» Dataset content:
..............................

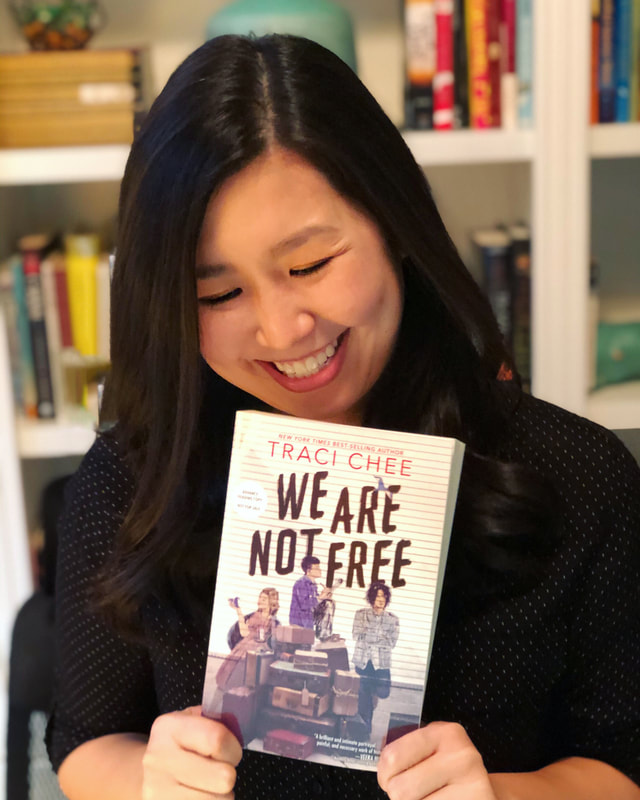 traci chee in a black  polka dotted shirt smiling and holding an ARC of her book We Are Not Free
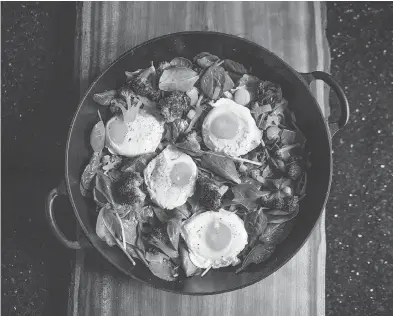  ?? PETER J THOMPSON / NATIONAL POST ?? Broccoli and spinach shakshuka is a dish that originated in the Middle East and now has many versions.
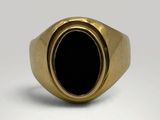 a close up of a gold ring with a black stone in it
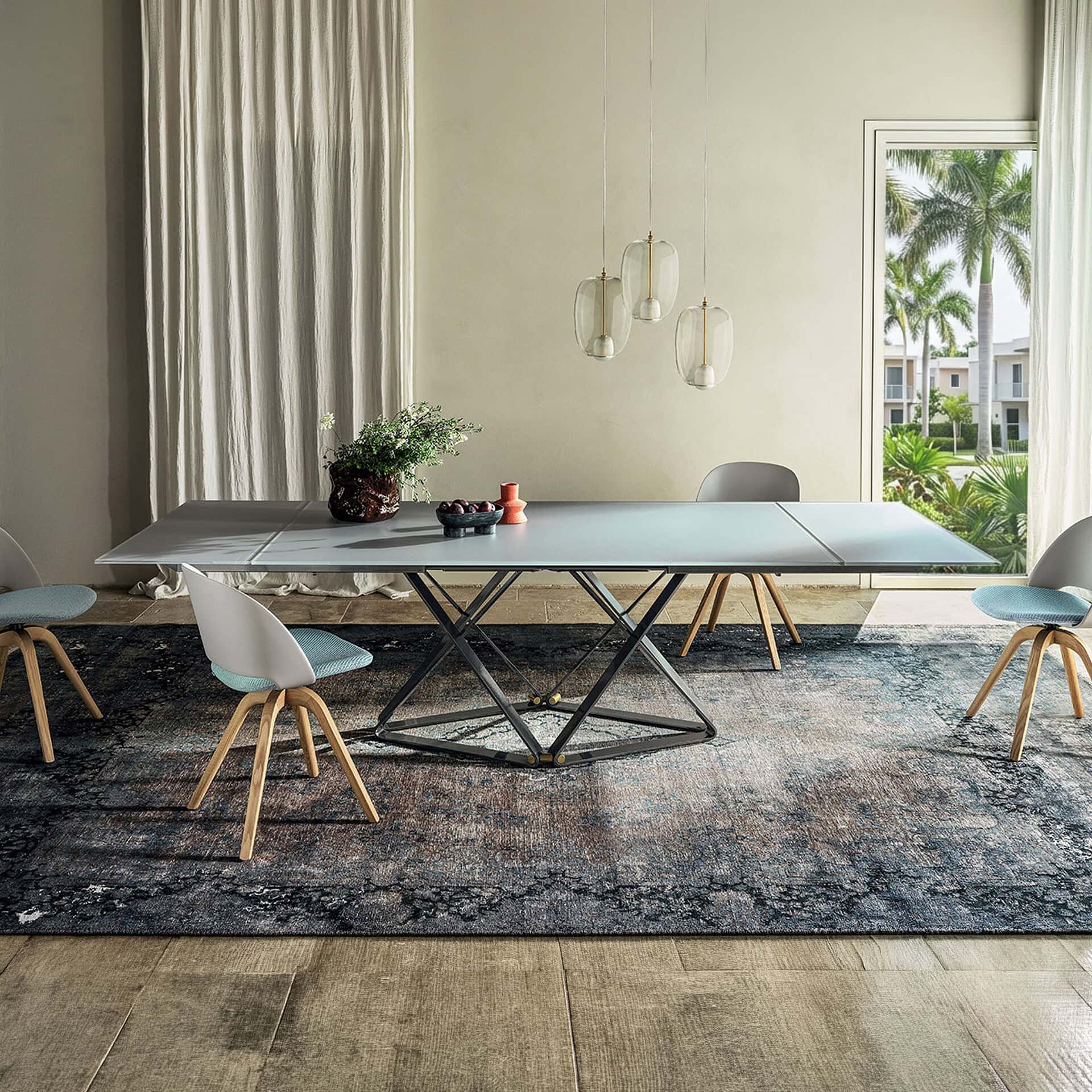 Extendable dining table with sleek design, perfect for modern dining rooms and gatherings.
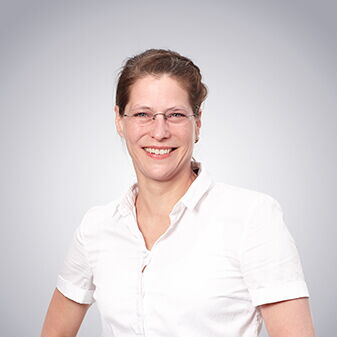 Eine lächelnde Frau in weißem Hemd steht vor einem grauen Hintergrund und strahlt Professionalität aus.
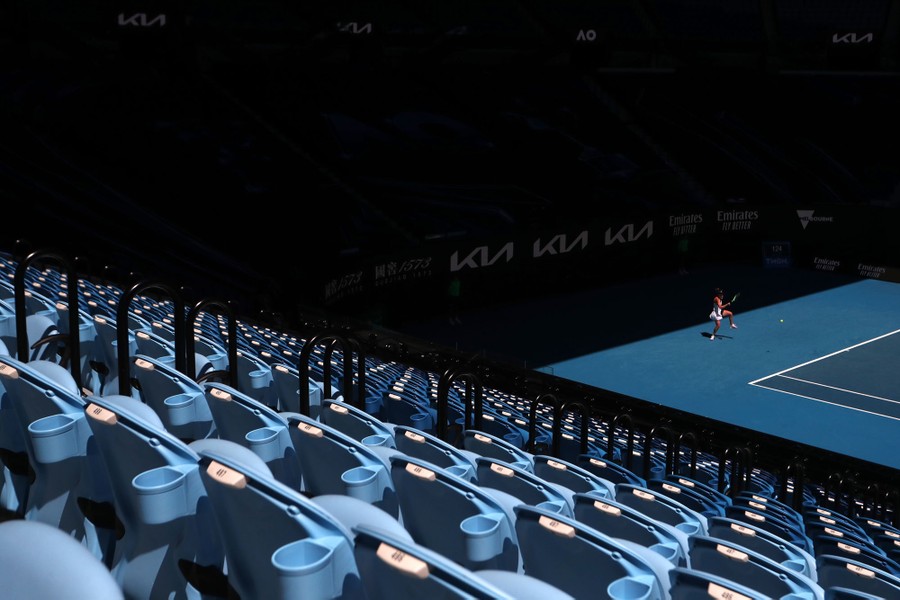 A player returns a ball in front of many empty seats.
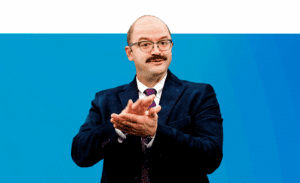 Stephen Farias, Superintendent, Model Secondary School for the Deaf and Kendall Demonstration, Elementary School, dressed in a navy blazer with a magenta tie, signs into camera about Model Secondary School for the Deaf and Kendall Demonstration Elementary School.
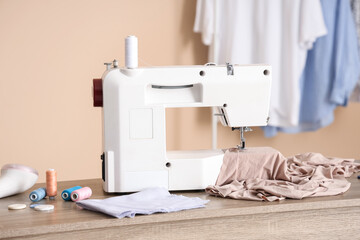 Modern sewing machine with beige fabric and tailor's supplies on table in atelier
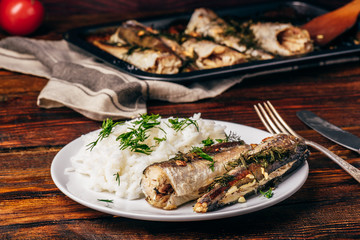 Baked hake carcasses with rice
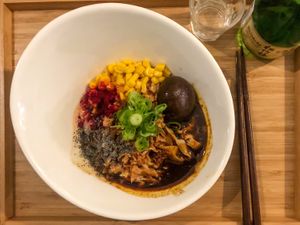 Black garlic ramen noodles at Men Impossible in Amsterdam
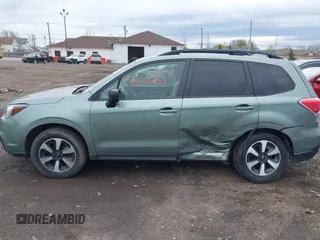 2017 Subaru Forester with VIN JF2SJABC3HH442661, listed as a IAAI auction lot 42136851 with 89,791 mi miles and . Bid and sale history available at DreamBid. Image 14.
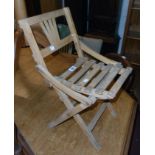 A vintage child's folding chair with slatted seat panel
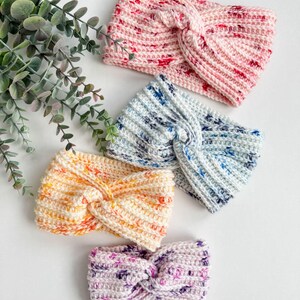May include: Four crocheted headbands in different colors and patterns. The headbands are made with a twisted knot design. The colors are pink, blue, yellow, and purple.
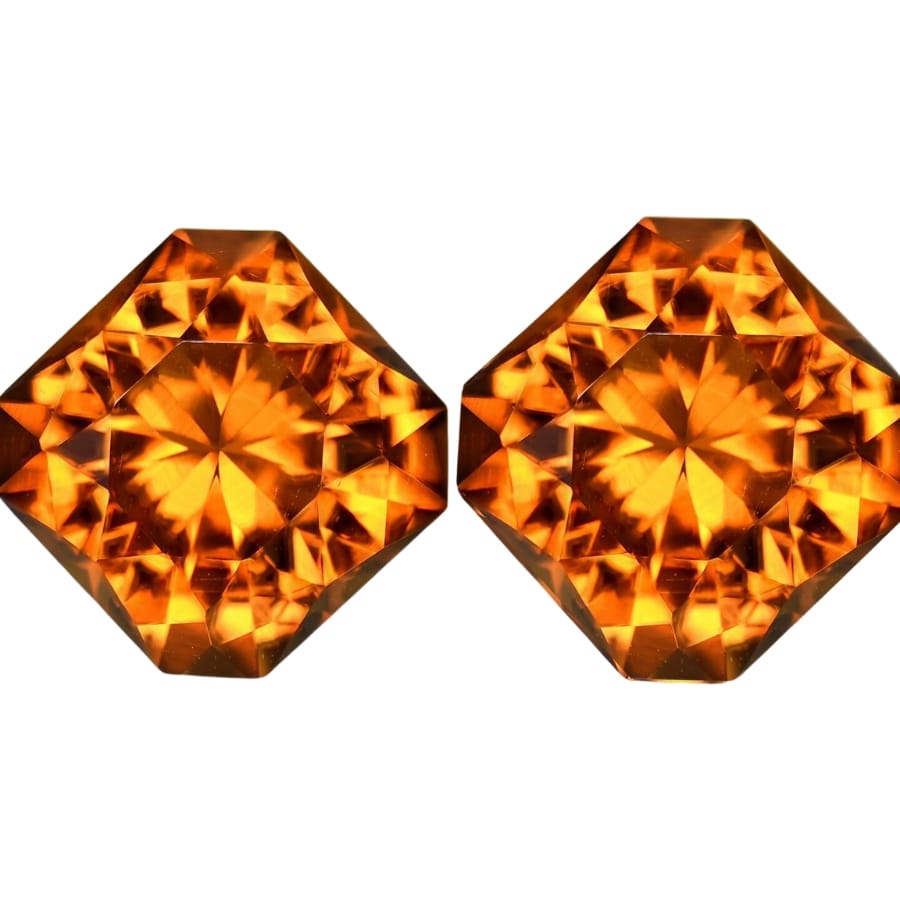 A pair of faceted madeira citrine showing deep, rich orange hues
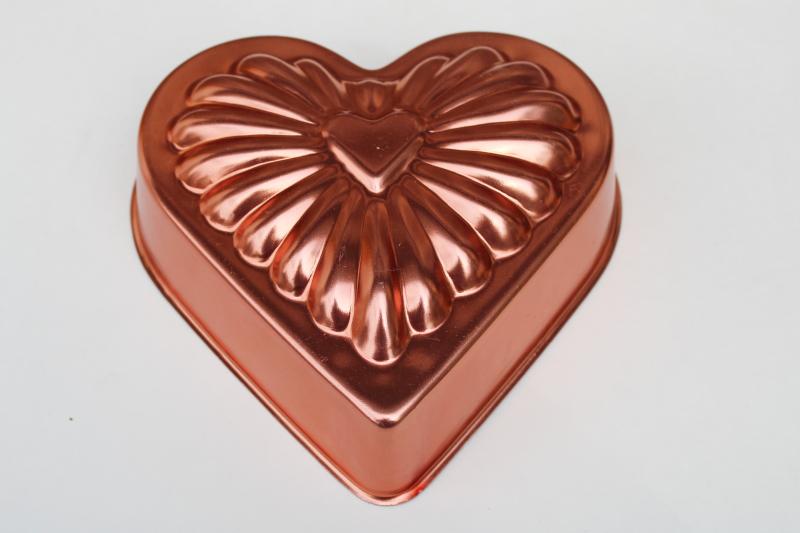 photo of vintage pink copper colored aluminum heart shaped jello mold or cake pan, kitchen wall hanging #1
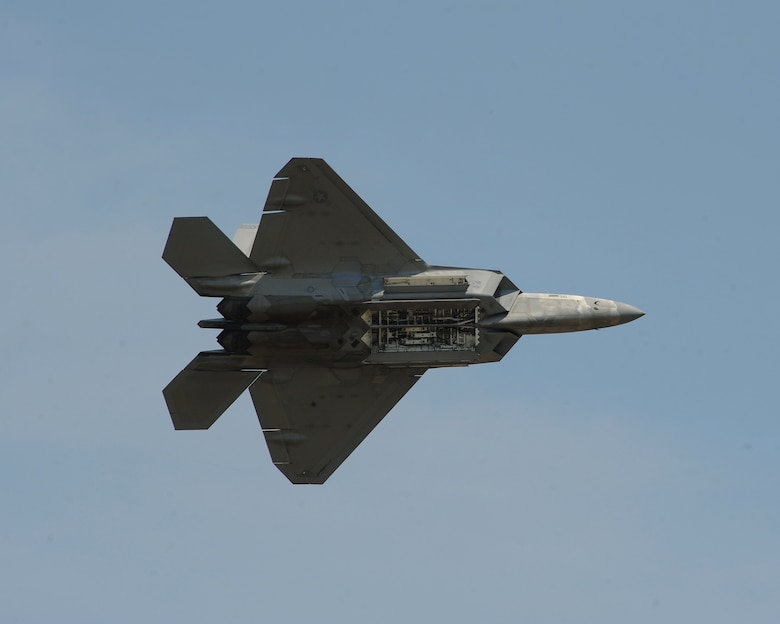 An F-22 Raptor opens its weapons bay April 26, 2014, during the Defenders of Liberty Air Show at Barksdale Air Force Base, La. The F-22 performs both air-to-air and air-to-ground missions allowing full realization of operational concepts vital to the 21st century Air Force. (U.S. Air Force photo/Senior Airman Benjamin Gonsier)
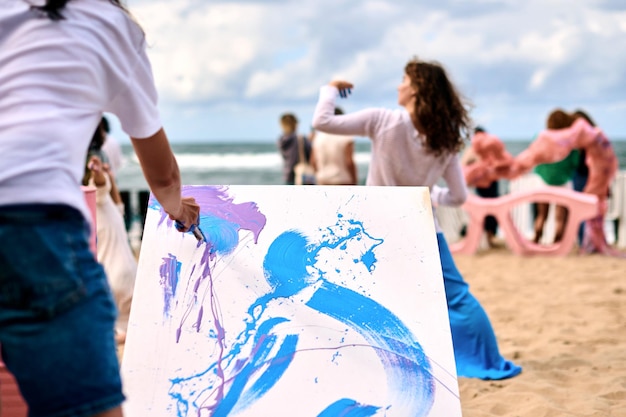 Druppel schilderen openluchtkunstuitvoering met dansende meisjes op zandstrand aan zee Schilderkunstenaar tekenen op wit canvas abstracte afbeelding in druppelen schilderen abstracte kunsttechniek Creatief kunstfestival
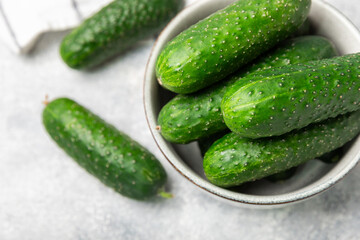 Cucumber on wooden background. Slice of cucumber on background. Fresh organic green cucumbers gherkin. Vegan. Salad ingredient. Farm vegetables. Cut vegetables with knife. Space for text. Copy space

..............................

» Work required: Everything between and including the line above containing "An F-22 Raptor" and the line containing "Druppel schilderen openluchtkunstuitvoering" should be reproduced exactly, with pictures excluded.

» Solution to the problem:
 An F-22 Raptor opens its weapons bay April 26, 2014, during the Defenders of Liberty Air Show at Barksdale Air Force Base, La. The F-22 performs both air-to-air and air-to-ground missions allowing full realization of operational concepts vital to the 21st century Air Force. (U.S. Air Force photo/Senior Airman Benjamin Gonsier)
 Druppel schilderen openluchtkunstuitvoering met dansende meisjes op zandstrand aan zee Schilderkunstenaar tekenen op wit canvas abstracte afbeelding in druppelen schilderen abstracte kunsttechniek Creatief kunstfestival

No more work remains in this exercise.